Oui, il y a des tendances en broderie, même si elles vont moins vite que les tendances mode. On note globalement un allègement ces dernières années, la broderie est de plus en plus légère, de moins en moins massive. Ce n’est pas qu’une histoire de coût, cela correspond aussi à un changement de mode de vie, et parallèlement à une démocratisation de la broderie qui est très utilisée, par les enseignes de fast fashion notamment. Même si vous avez les moyens de vous faire entièrement broder une robe, vous risquez de la porter assez rarement dans les rues de Paris… Alors qu’un jean brodé, oui ! L’écueil de la broderie, c’est le « too much », donc à mon sens c’est bien qu’on s’en éloigne.
Quelle est la fameuse « touche Lesage » ?
Je dirais la réunion des contraires, la flamboyance baroque que François Lesage a su donner à la Maison avec son côté « alchimiste ». On peut même faire du glamour avec du bois, comme pour des robes de la collection Haute Couture Chanel Printemps-Été 2016. Nous cherchons toujours à créer l’inattendu, l’irrégularité, mais sur une base technique qui se veut la meilleure possible.
Comment s’est opérée votre rencontre avec la broderie ?
Un peu par hasard, en dernier recours… … Je payais mes études à la Chambre Syndicale de la Haute Couture, et malheureusement tous les stages en studio comme assistant des grands créateurs n’étaient pas rémunérés, je devais donc y renoncer. Mais pour un devoir de fin d’année sur la broderie, j’ai rencontré par hasard Monsieur Lesage dans un couloir en attendant mon rendez-vous avec son directeur des accessoires. Il m’a donné de précieux conseils, j’ai gardé le devoir d’ailleurs… C’est ce travail qui m’a permis d’accéder directement à un poste rémunéré chez le brodeur Vermont. À l’époque, dans les années 1990, la broderie était encore en arrière-plan, mais ça ne m’a pas empêché d’accéder grâce à elle et à mes dessins aux studios des plus grands créateurs pour les rendez-vous : Yves Saint Laurent, Givenchy, Scherrer… Ma vie aurait été certainement très différente si j’étais entré dans ces Maisons de Couture par une autre, plus grande porte… Qui sait ? Mais je suis très heureux d’avoir eu ce parcours-là, moins évident mais plus enrichissant.

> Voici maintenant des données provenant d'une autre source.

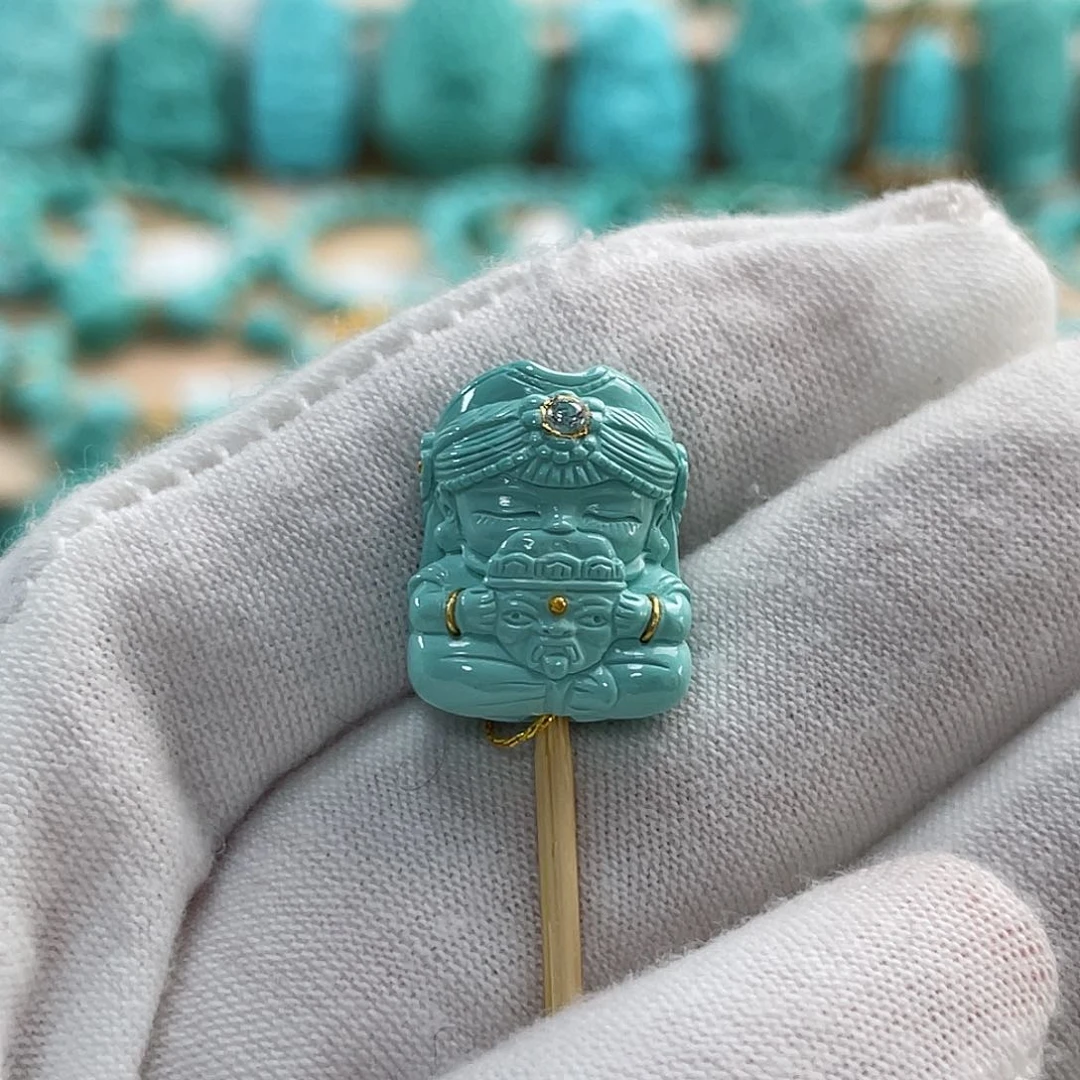 绿松石珠宝奇石未镶嵌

Vous avez dit précédemment qu’« avant la broderie était une histoire de famille, maintenant c’est une histoire de passion. » Comment cela se traduit-il chez Lesage aujourd’hui ?
D’abord avec une école fondée en 1992 et qui occupe tout un bâtiment parisien depuis le déménagement des ateliers à Pantin en 2015.
Plus généralement, nos brodeuses héritaient auparavant du savoir-faire de leur mère, de leur grand-mère… Aujourd’hui les grand-mères de 60 ans ne savent pas broder ! Il y a un choix, une volonté, une empathie et une passion chez les gens qui choisissent aujourd’hui de faire ce métier. Nous avons même parmi nos brodeuses une ancienne professeure de lettres ! Contrairement à d’autres activités « dématérialisés », on obtient un résultat concret à la fin de la journée. C’est peut-être ça qui donne un sens à la vie…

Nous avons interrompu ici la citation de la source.